According to Media Matters, in 2017, “71 percent of [broadcast news] segments on climate change featured actions or statements by the Trump administration, most frequently the president’s announcement that he intended to pull the U.S. out of the Paris climate agreement.” By 2018, however, the initial outrage over Trump’s contrarian stance on climate change had dissipated; again according to Media Matters, broadcast TV coverage of climate change dropped 45 percent.
Media Matters and MeCCO both report subsequent – and significant – increases in media coverage of climate change in 2019. Television coverage was up 138 percent; print coverage, by the five national newspapers tracked by MeCCO, was up 46 percent. (It should be noted that while the percentage increases are substantial, the total amount focusing on climate change as part of the full news coverage strikes many as woefully low.)
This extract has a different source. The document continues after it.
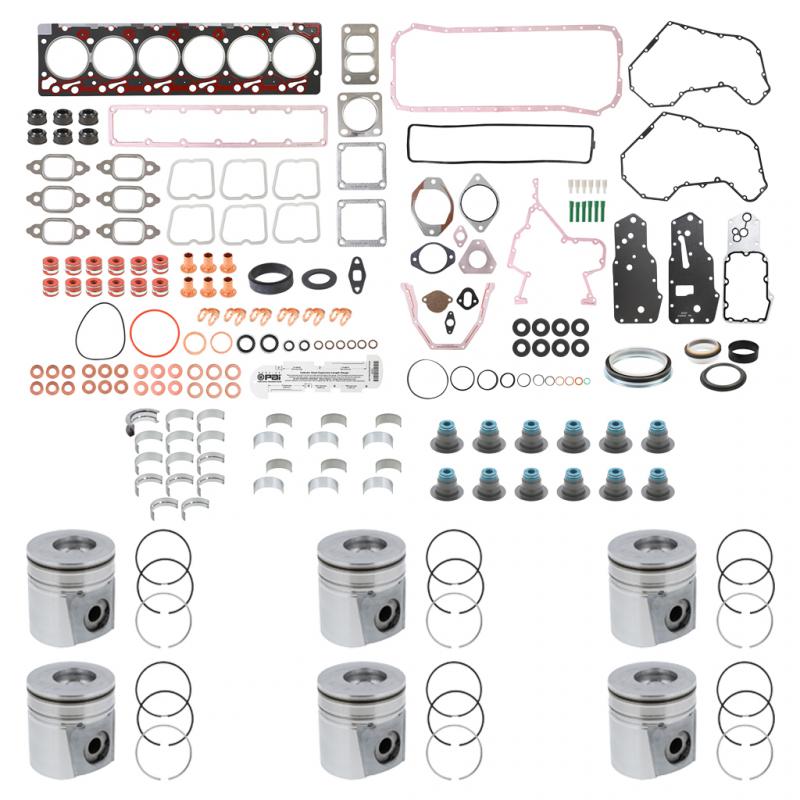 PAI INDUSTRIES ­-­ ISB604-133 ­-­ ENGINE KIT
Media Matters attributes this increase in part to Covering Climate Now, the collaborative media effort spearheaded by Columbia Journalism Review and The Nation that was timed to coincide with the United Nations Climate Action Summit in New York City in September 2019. That unprecedented initiative led to publication or broadcast of at least 3,640 stories, project managers indicate. (The Covering Climate Now project team is planning a similar media collaboration in concert with the 150th anniversary of the first Earth Day on April 22.) Media Matters also points to coverage decisions made independently by various cable, print, and broadcast news organizations.
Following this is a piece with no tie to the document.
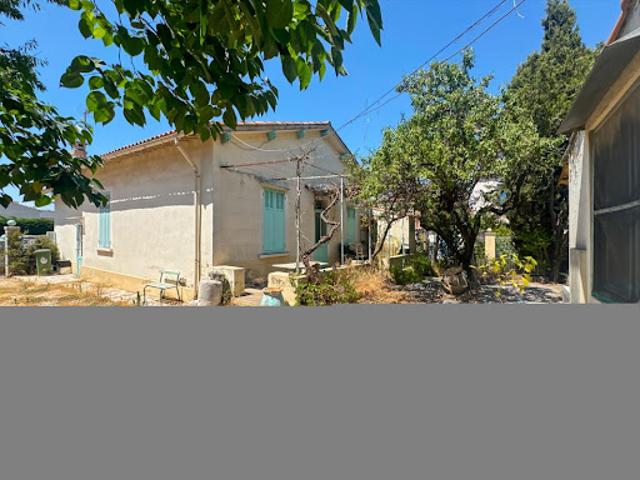 Maison vente à Istres, Châteauneuf-les-martigues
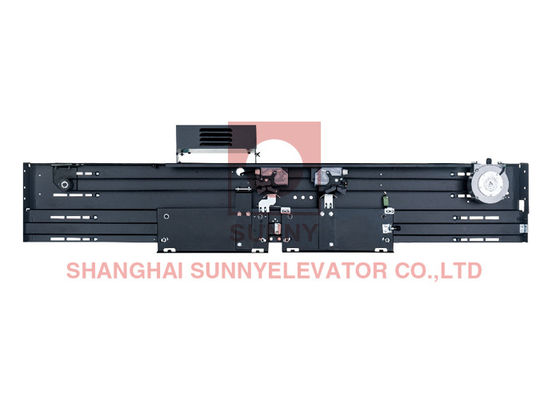 200V 700mm Centrum die de Deuraandrijving van de Lift openen Synchroon voor Liftdelen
But how were these 2019 developments experienced within news organizations?
By happenstance, on the same day that Pew Research Center released its February findings, Planet Forward, the environmental reporting platform created by George Washington University, hosted a panel discussion that featured representatives from broadcast, cable, and public television. Co-sponsored by Climate Nexus, “The Climate Is Changing. Is TV News Adapting?” provided individual and personal observations on the trends reported by MeCCO and Media Matters.
An Increase in Coverage
Two of the guests – CBS News Meteorologist and Climate Specialist Jeff Berardelli (a contributor to Yale Climate Connections) and Eugenia Harvey, executive producer of WNET’s Peril and Promise: The Challenge of Climate Change – noted and complimented the spur provided by the Covering Climate Now initiative.
When CBS corporate officially signed on to the initiative, Berardelli said, journalists from nearly every news beat across the network came forward with story ideas.
At WNET, Harvey added, the initiative prompted new partnerships and allowed producers and reporters to share their stories with wider audiences. The longer-term increase in climate coverage at WNET, however, was prompted also by special funding provided by a donor who had recently realized how climate change could affect the lives of his grandchildren.
For Jen Christensen, health and climate unit producer for CNN, it was the economics of climate-related disasters that persuaded CNN decision-makers to increase coverage of climate change. Economic issues were one of the reasons CNN chose to produce the seven-hour “Climate Crisis Town Hall” with 10 of the 14 Democratic candidates vying for their party’s nomination for president.
Changes in the Style and Mode of Coverage
Prompted by questions from Frank Sesno, a former CNN journalist and anchor who now directs GW’s School of Media and Public Affairs, panelists also explained how the tenor of their organizations’ climate coverage is changing.
In the Peril and Promise series at WNET, Harvey noted, the stories highlight issues of social justice. As Christensen’s job title indicates, the health angle is critical to the stories she produces for CNN.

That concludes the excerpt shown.